* PROBLEM TO WORK ON
In the data below, locate the line containing "Hypopyrrhus pyrohypogaster" and the line containing "网球王子小说之同人三部曲", then retype both and everything between them exactly. Pictures are not part of the copy.

DATA FOR THIS TASK Start Marker

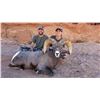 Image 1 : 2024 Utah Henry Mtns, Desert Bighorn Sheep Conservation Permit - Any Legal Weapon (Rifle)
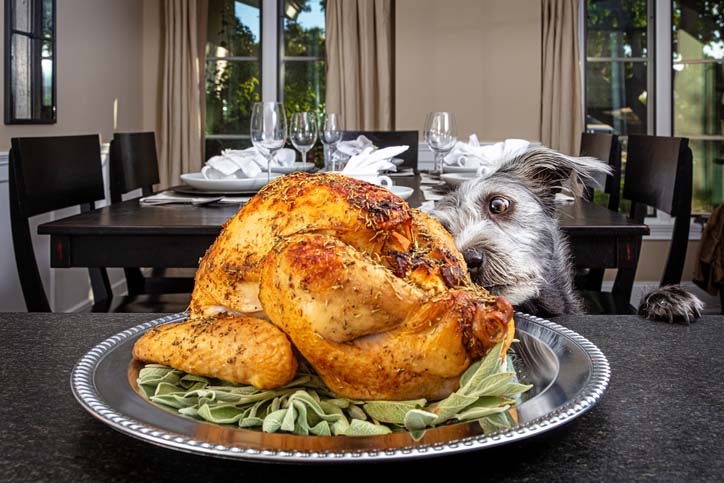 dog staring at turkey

DATA FOR THIS TASK End Marker
DATA FOR THIS TASK Start Marker

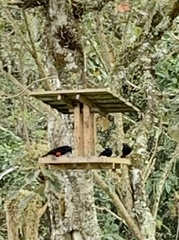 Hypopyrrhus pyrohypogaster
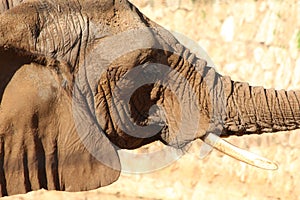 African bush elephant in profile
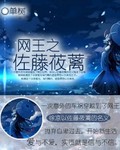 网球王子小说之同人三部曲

DATA FOR THIS TASK End Marker
DATA FOR THIS TASK Start Marker

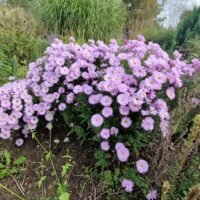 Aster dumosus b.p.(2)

DATA FOR THIS TASK End Marker

* SOLUTION TO THIS TASK
 Hypopyrrhus pyrohypogaster
 African bush elephant in profile
 网球王子小说之同人三部曲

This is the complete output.